[WIP] Tidy-up and improve ergonomics with new interface and dataset #45

bytesnake · 2020-09-16T08:41:41Z

I think the linfa crate has collected enough algorithms to move towards a unified interface. The intention of this PR is to tidy up the project and implement unified traits for transformers, fittable models and incremental models. Further a Dataset struct is introduced, which wraps records, targets, labels and weights in an unified way.

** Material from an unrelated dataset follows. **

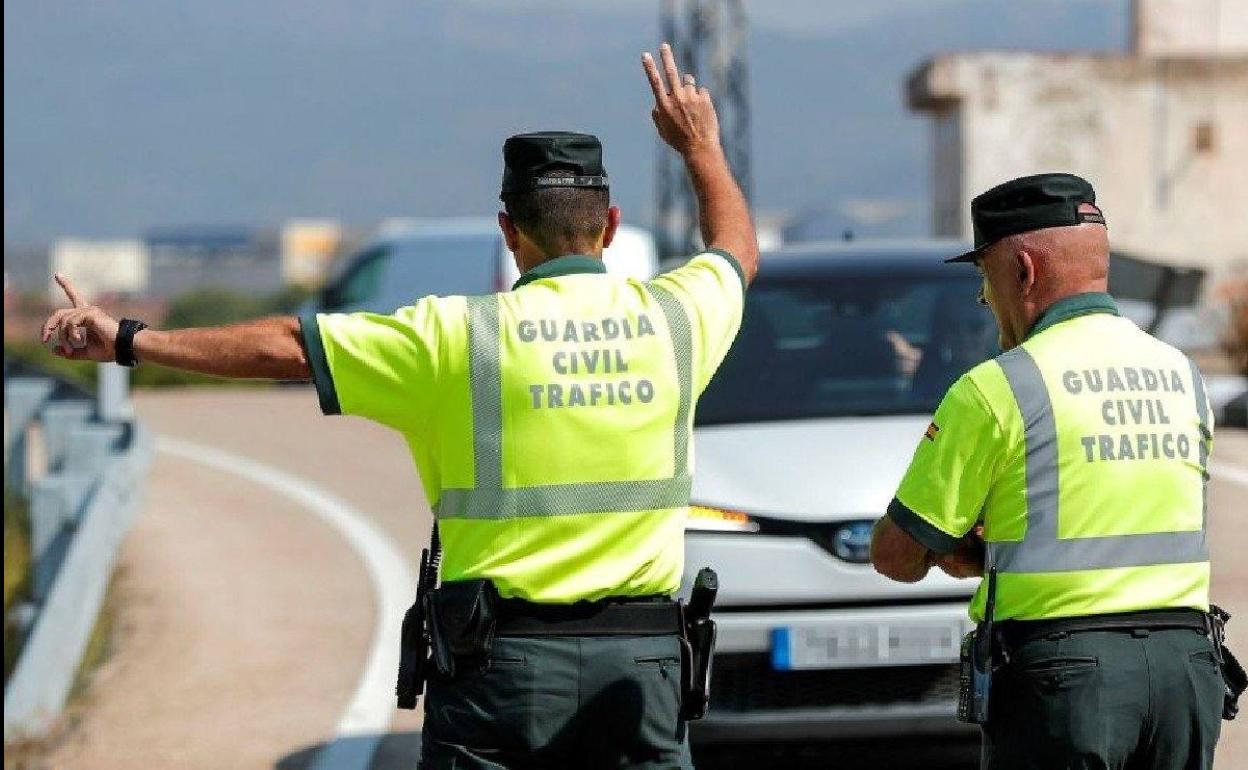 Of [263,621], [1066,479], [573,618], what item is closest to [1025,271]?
[1066,479]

The description is also WIP and will be updated over time

Traits for the learning process

This PR introduces traits for transformers, learnable models and incremental models. The trait implementation (see here) follows the convention:

all three traits should be implemented for a hyparameter set, which governs the learning algorithm
Transformer: a transformer is an algorithm, which does not expose its inner state. A common example are kernel methods, which are unique for every dataset given. Support Vector Machines, on the other hand, may implement this as well and call fit and predict internally.
Fit: a fittable algorithm learns model from the training dataset. It can predict new targets from the same domain as the input data.
IncrementalFit: an incremental algorithm can make updates of its inner state, depending on a former model and new data

Dataset

A dataset contains a records field and further may contains targets, weights and labels. The Targets trait corresponds to any kind of target (f32 as well as String), but the Labels trait can be used to narrow down the implementation to comparable targets (atm implemented for bool, usize and String)

Tidying up the crate

remove top level dependencies to sub-crates
remove dependency on serde

Unresolved questions

the implementation of a dataset follows the model of ndarray, where everything is implemented with concrete types. This creates on the one hand some boilercode (for example Vec<T>, &Vec<T> and &[T] have to be implemented separately), but I don't think that Rust is expressive enough atm to go another way
the name Records was chosen to distinguish it form the Data trait of ndarray, but its not the most common name to describe the actual data in a dataset

Example

Here is a simple example for a kernel transformation, followed by the training of a SVC model:

    // everything above 6.5 is considered a good wine
    let dataset = Dataset::new(data, targets)
        .map_targets(|x| **x > 6.5);

    // split into training and validation dataset
    let (train, valid) = dataset.split_with_ratio(0.1);
    
    // transform with RBF kernel
    let train_kernel = Kernel::params()
        .method(KernelMethod::Gaussian(80.0))
        .transform(&train);

    println!(
        "Fit SVM classifier with #{} training points",
        train.observations()
    );

    // fit a SVM with C value 7 and 0.6 for positive and negative classes
    let model = Svm::params()
        .pos_neg_weights(7., 0.6)
        .fit(&train_kernel);

    println!("{}", model);
    // A positive prediction indicates a good wine, a negative, a bad one
    fn tag_classes(x: &bool) -> String {
        if *x {
            "good".into()
        } else {
            "bad".into()
        }
    };

    // map targets for validation dataset
    let valid = valid.map_targets(tag_classes);

    // predict and map targets
    let pred = model.predict(&valid)
        .map_targets(|x| *x > 0.0)
        .map_targets(tag_classes);

    // create a confusion matrix
    let cm = pred.confusion_matrix(&valid);

    // Print the confusion matrix, this will print a table with four entries. On the diagonal are
    // the number of true-positive and true-negative predictions, off the diagonal are
    // false-positive and false-negative
    println!("{:?}", cm);

    // Calculate the accuracy and Matthew Correlation Coefficient (cross-correlation between
    // predicted and targets)
    println!("accuracy {}, MCC {}", cm.accuracy(), cm.mcc());

bytesnake · 2020-09-21T09:06:56Z

I don't have super much time atm, but any feedback is welcome

NDarray has already a trait called `Data`, to avoid name collisions our `Data` is now called `Records`

* implement `Transformer` for `KernelParams` * move creation functions to `KernelParams` * use `Records` and `Float`

* make `Fit` more generic over return object * implement one-class classification for Labels = ()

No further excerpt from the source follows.